- [What the exercise asks]
Exact copy, pictures omitted: the line holding "Next is axis." and every line after it down to the end of the entries.

(Stored data entries)
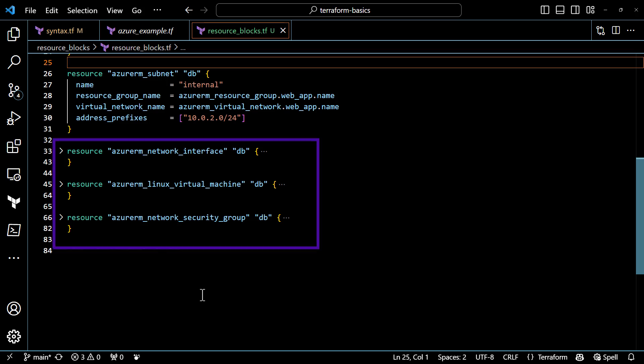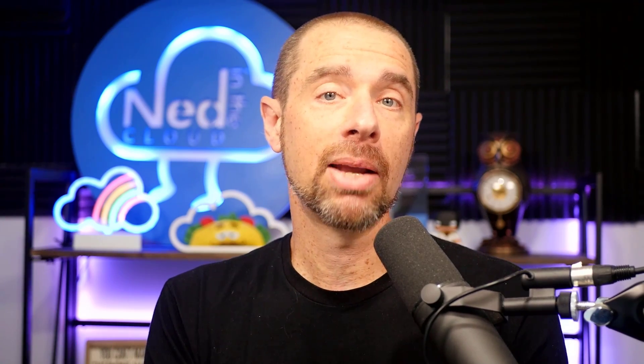If we have a network interface, virtual machine, and network security group that are all for the database, then you might want to use the name label "db" for each one. If you do happen to have two resources of the same type with the same name label, Terraform will throw an error when it tries to validate the configuration — it will simply not perform an initialization, plan, or apply action while that error persists.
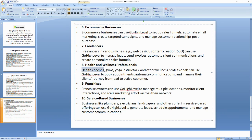Even if you are in health and wellness — maybe you own a health coaching business, gyms, or you are a yoga instructor — you will find Go High Level very useful. At this point, I want to show you how to create a Go High Level account.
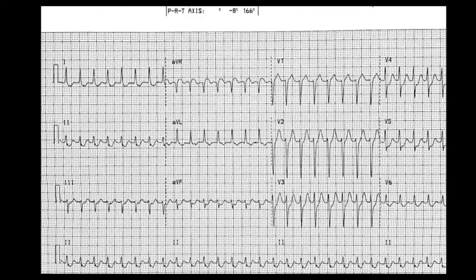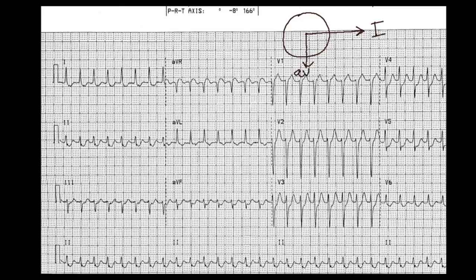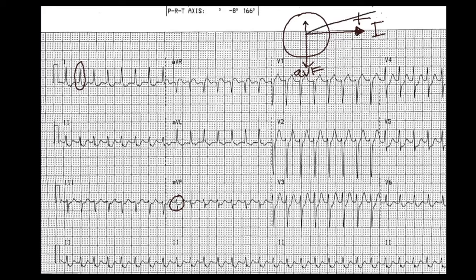Next is axis. Drawing a circle, the line going out this way is lead I, and the line going down is AVF. Lead I shows very positive QRS complexes, so we're heading in the leftward direction. AVF shows a slightly negative QRS complex, so we're going in the opposite direction — slightly superior. The computer measures this out at negative eight degrees.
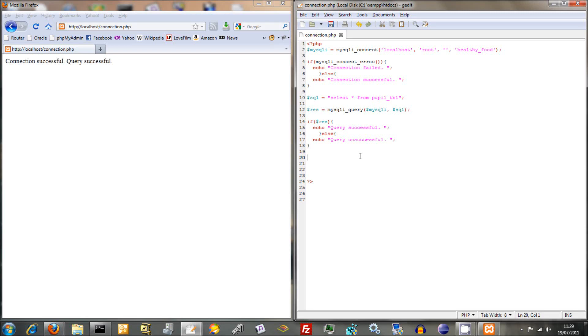So far we've connected to the database and performed a basic query. We haven't actually got anything out of that query yet because we haven't translated it into a PHP array. So that's what we're going to crack on with now.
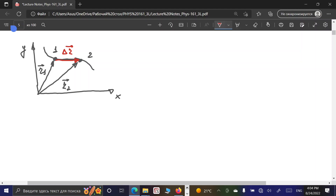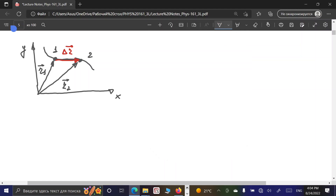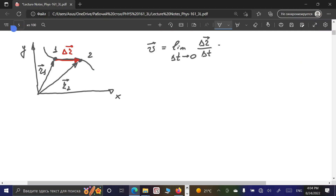Now let us introduce the concept of the instantaneous velocity vector, which is required to describe our motion in two-dimensional space. In general, we can write that the velocity vector V is equal to the limit as delta T approaches zero of delta R vector divided by delta T - which is nothing else than the first derivative of the displacement vector dr with respect to time.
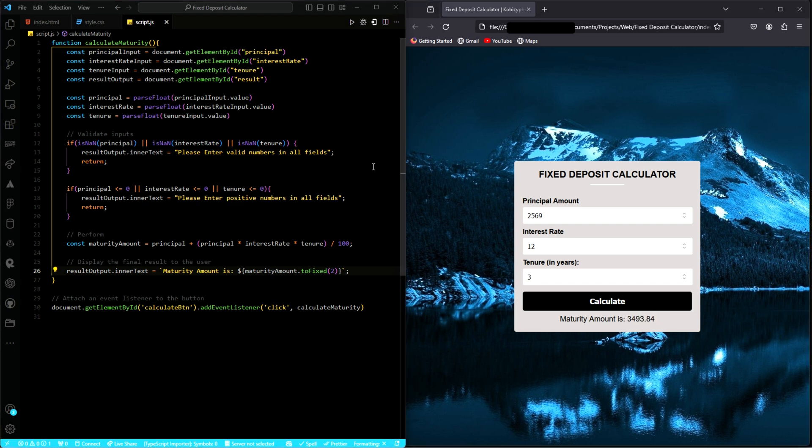That is how you build an application using HTML, CSS, and JavaScript to calculate interest on a fixed deposit for a specified duration. If you enjoyed the video, kindly like, comment, and subscribe to the channel. Until next time, stay safe.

- [Response to the task]
Next is axis. Drawing a circle, the line going out this way is lead I, and the line going down is AVF. Lead I shows very positive QRS complexes, so we're heading in the leftward direction. AVF shows a slightly negative QRS complex, so we're going in the opposite direction — slightly superior. The computer measures this out at negative eight degrees.
So far we've connected to the database and performed a basic query. We haven't actually got anything out of that query yet because we haven't translated it into a PHP array. So that's what we're going to crack on with now.
Now let us introduce the concept of the instantaneous velocity vector, which is required to describe our motion in two-dimensional space. In general, we can write that the velocity vector V is equal to the limit as delta T approaches zero of delta R vector divided by delta T - which is nothing else than the first derivative of the displacement vector dr with respect to time.
That is how you build an application using HTML, CSS, and JavaScript to calculate interest on a fixed deposit for a specified duration. If you enjoyed the video, kindly like, comment, and subscribe to the channel. Until next time, stay safe.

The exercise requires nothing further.